Recently, I noticed that my radiator fan is constantly on. Scanned but didn't get any fault related to the sensors.


----------



## Bindaham (Apr 4, 2014)

Happy to report that the fan came back to normal operation after changing the lower passenger side coolant temperature sensor


----------



## Bindaham (Apr 4, 2014)

Update:

Fan is still functioning normally, yet that small coolant leak that was there before I changed the sensor is still going on.

Here is a pic after I parked the car for about half an hour. The leak is not constant, it stops after a while.





And here is a shot from underneath which shows the location of the leak. Will check this afternoon or tomorrow wither the hose or the clamp are the problem.


----------



## Bindaham (Apr 4, 2014)

Update to the update:

A regular hose clamp did the trick. Leak stopped.


----------



## apper01 (Aug 14, 2010)

any change of exchanging this sensor without taking off the whole front?

blowers are also running constantly, first time it switched off after a while but now they just keep on running.
scanned but no errors came up, so sensor seems to give out some signal volt level but not high enough to generate an error?


----------



## Bindaham (Apr 4, 2014)

apper01 said:


> any change of exchanging this sensor without taking off the whole front?


Hi there,

The one that I changed is easily accessible from the bottom engine as the pic below shows. 



Bindaham said:


>


Regards,

Salah


----------



## apper01 (Aug 14, 2010)

so from the bottom, did you take off all the coolant hoses?


----------



## Bindaham (Apr 4, 2014)

Just the lower passenger side one


----------



## apper01 (Aug 14, 2010)

Changed the sensor, was indeed not a big job.

Unfortunately the blowers still run on full speed.....

Checked the cables connected to the sensor, seemed ok. And no errors from scanning.
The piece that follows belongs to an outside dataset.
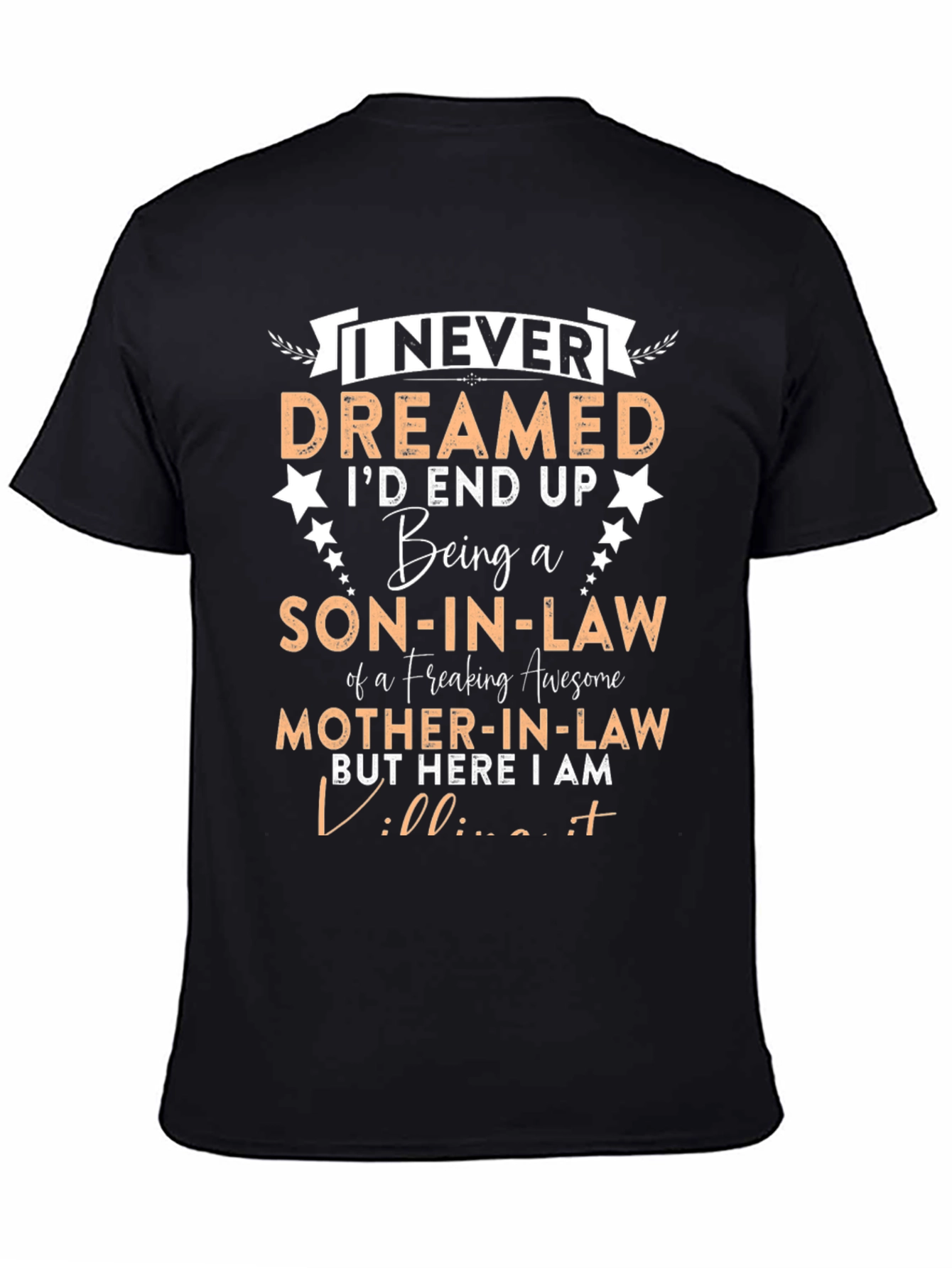 Son-in-Law Freaking Awesome Mother-in-Law Black Graphic T-Shirt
Anyone having a clue were to look next?

PS. is there something like a radiator fan control module on the phaeton or are the blowers themselves equipped with it?


----------



## apper01 (Aug 14, 2010)

Checked the service manual and there seems to be two temp sensors: G83 (which is on the radiator exit) and G62.

Now i need to find out where G62 is sitting....

found it: http://forums.vwvortex.com/showthre...ngine)-and-improve-fuel-economy-(gas-mileage)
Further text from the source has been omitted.